Expert Parallel (EP)

Expert Parallel distributes Mixture-of-Experts (MoE) model experts across multiple GPUs, allowing each rank to hold a subset of experts. This reduces per-GPU memory and enables training of large MoE models.

Overview

Concept Description
ExpertParallelConfig Configuration dataclass controlling EP behavior
apply_expert_parallel() Entry point that shards experts and patches forward
shard_experts() Evenly splits experts across EP ranks
patch_forward() Replaces MoE block forward with EP-aware all-to-all communication

Configuration

from twinkle.model.transformers.moe.expert_parallel import ExpertParallelConfig

config = ExpertParallelConfig(
    enabled=True,              # Enable expert parallel
    router_dtype='fp32',       # Router computation dtype: 'fp32', 'bf16', 'fp16'
    keep_router_logits=True,   # Return router logits alongside hidden states
    ignore_shared_experts=False,# Skip shared expert computation (e.g. DeepSeek)
    ep_size=None,              # EP world size (consumed by TransformersModel)
)

Usage with DeviceMesh

EP is activated by setting ep_size in DeviceMesh.from_sizes(). The framework automatically calls apply_expert_parallel() during model initialization.
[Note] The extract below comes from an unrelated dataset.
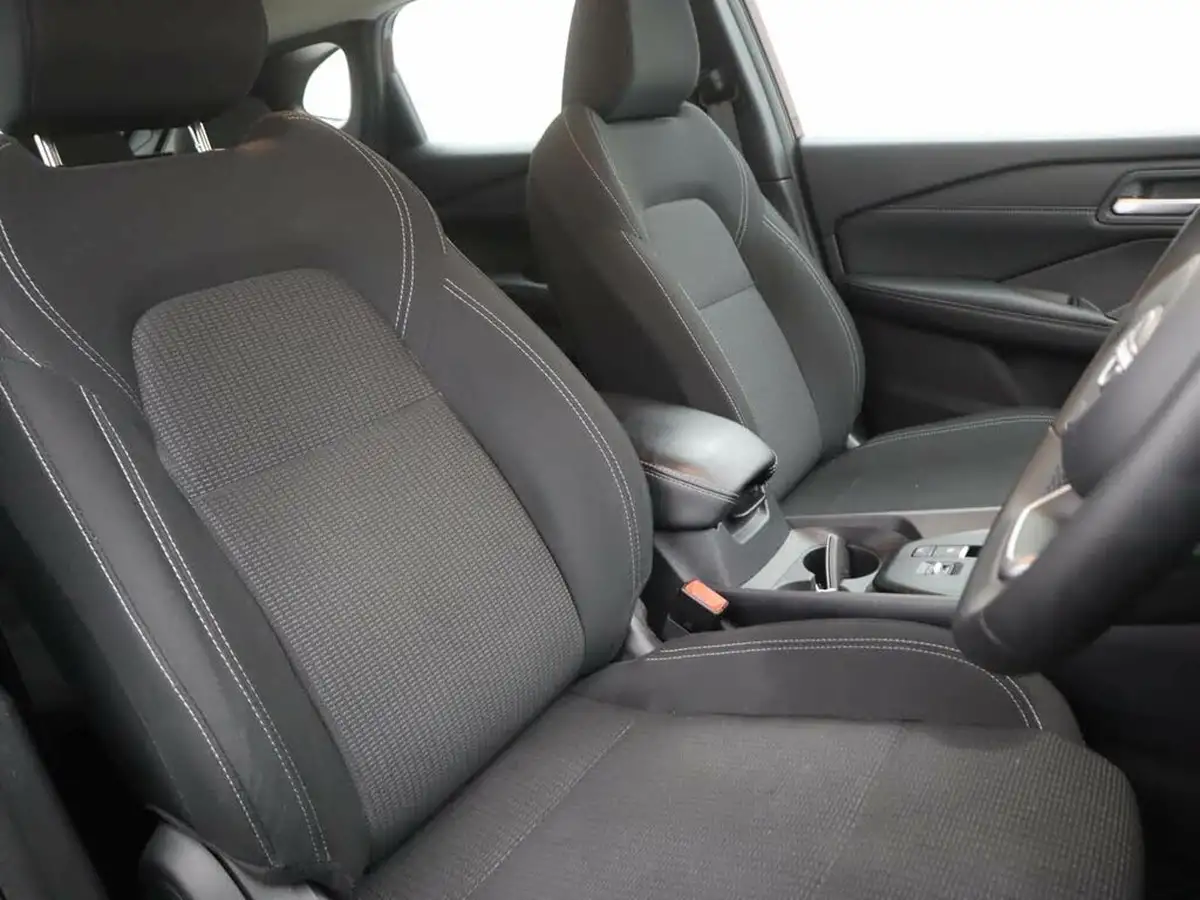 2024-nissan-qashqai-13-dig-t-acenta-premium-140ps-big-10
from twinkle.utils import DeviceMesh

# 8 GPUs: 2-way EP × 4-way data parallel
device_mesh = DeviceMesh.from_sizes(
    world_size=8,
    dp_size=4,
    ep_size=2,
)

For combined EP + FSDP sharding on the expert parameters:

# 8 GPUs: 2-way EP with FSDP within each EP group
device_mesh = DeviceMesh.from_sizes(
    world_size=8,
    dp_size=2,
    ep_size=2,
    ep_fsdp_size=2,
)

Communication Pattern

The EP forward pass follows a 4-stage pipeline:

  1. Preprocess — compute per-expert token counts and split sizes

  2. Token Pre-All2All — permute tokens by expert assignment, then all-to-all exchange across EP ranks

  3. Expert Compute — each rank runs its local experts on received tokens

  4. Token Post-All2All — all-to-all exchange results back, unpermute and apply routing weights

Input tokens → Router → [preprocess] → [pre_all2all] → [local experts] → [post_all2all] → Output

Requirements

  • num_experts must be divisible by ep_size

  • torch.distributed must be initialized

  • MoE blocks must define a gate/router module and experts (either nn.ModuleList or tensor-style gate_up_proj/down_proj)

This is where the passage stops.